Voor wie nog steeds denkt dat additive manufacturing een eendagsvlieg is, was de presentatie van Ryan Kircher verhelderend. De directeur Business Development van Additive Industries in Noord-Amerika ontwierp in 2005 de eerste implantaten om ze vervolgens additief te produceren. Sindsdien hoor je vooral dat we we naar gepersonaliseerde implantaten gaan. Ryan Kircher ziet echter dat AM de laatste jaren juist terrein wint in de productie van standaard implantaten. Waarom? Omdat je met AM lattice structuren kunt printen die voor een veel betere aanhechting aan het menselijk bot zorgen. “Dat is de echte aanjager van de groei”, zegt Kircher. Hij schat dat 10% van de heupimplantaten (de hip cups) momenteel wordt geprint. Hier ligt dus een groeimarkt voor de komende jaren. Veel ontwikkelaars van orthopedische implantaten hebben de laatste jaren dan ook 3D printbedrijven overgenomen. Alle grote spelers zoals GE en Stryker hebben forse investeringen in additive manufacturing aangekondigd. En vanuit ASM vindt er al standaardisatie plaats; de FDA heeft recent richtlijnen gepubliceerd voor het valideren van 3D geprinte implantaten. Wat echter vooral de drempel naar serieproductie wegneemt, is de nieuwe generatie AM-systemen. Richtlijnen zoals de FDA deze vrijgeeft, nemen het risico deels weg. De nieuwe generatie 3D metaalprinters met meerdere lasers maken de technologie schaalbaar. En dat brengt hem op het punt waarom hij denkt dat de productie van deze implantaten versneld richting additive manufacturing gaat verschuiven: automatisering en een hogere snelheid zorgen voor forse kostenverlagingen.
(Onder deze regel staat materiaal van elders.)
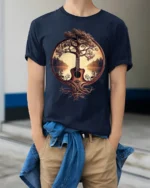 Acoustic Guitar Tree Of Life Nature Music Art Graphic T Shirt - model wearing navy tee with hands in pockets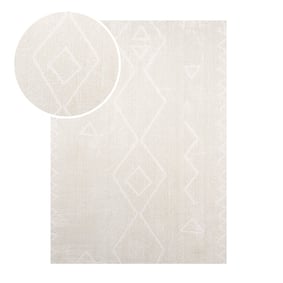 Tapis japandi - Yori Geo Crème/Blanc - product
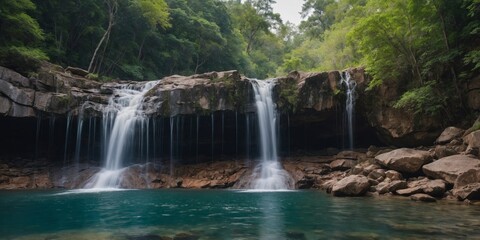 Fototapeta premium A serene waterfall cascading down a rocky cliff inviting visitors to take a dip in its refreshing waters.
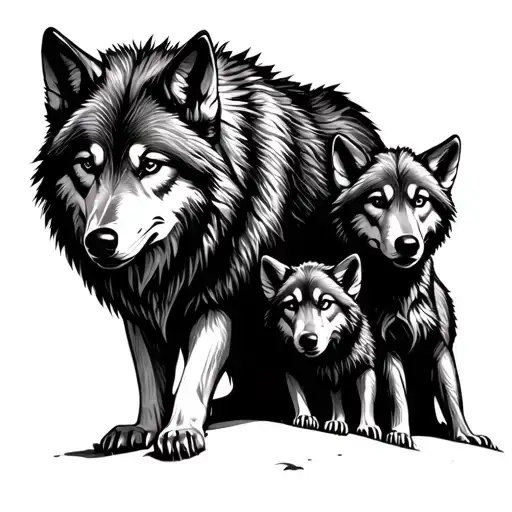 Wolf And Two Cubs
Kostprijs: van €82 naar €40 euro per stuk

Hij toont een kostprijsvergelijking voor een 3D geprinte heupkom (52 mm doorsnede, Ti6Al4V) tussen een moderne 3D metaalprinter en een machine van de eerste generatie, met een printbed van 250 bij 250 mm en één enkele laser. Met zo’n oude opstelling kom je op een kostprijs van €82 per heupkom. En je hebt 66 machines nodig om op jaarbasis 100.000 cups te produceren. Per machine kom je namelijk bij een OEE van 80% tot een productie van 2288 implantaten per jaar. Met een investering van €850.000 (in 2005) komt hij op een kostprijs van €82.23 per onderdeel, waarvan alleen al de afschrijving op de machine ruim €50 per heupkom is. In zijn nieuwe model rekent Kircher met een AM-systeem met vier lasers en geïntegreerde automatisering. Kostprijs €1,5 miljoen. De betere optieken verhogen de depositierate met 30%. De OEE van zo’n AM-systeem is (mede dankzij de automatisering) 95 procent. Eén systeem 3D print jaarlijks 15.619 implantaten. Dat resulteert in een halvering van de kostprijs per implantaat tot €40.25 (waarvan nog maar €13.72 afschrijving per onderdeel). Nu volstaan 7 van deze systemen om in twee dagen tijd 60 heupkommen te 3D printen. Ryan Kircher: “Als je naar de kosten en de schaalbaarheid van 15 jaar geleden kijkt, was 3D printen niet zinvol. De vooruitgang van de technologie heeft dit veranderd. Het wordt daarom tijd om de businesscase opnieuw te evalueren. Ik denk dat additive manufacturing voor dit type medical devices echt concurreert met conventionele maaktechnieken.”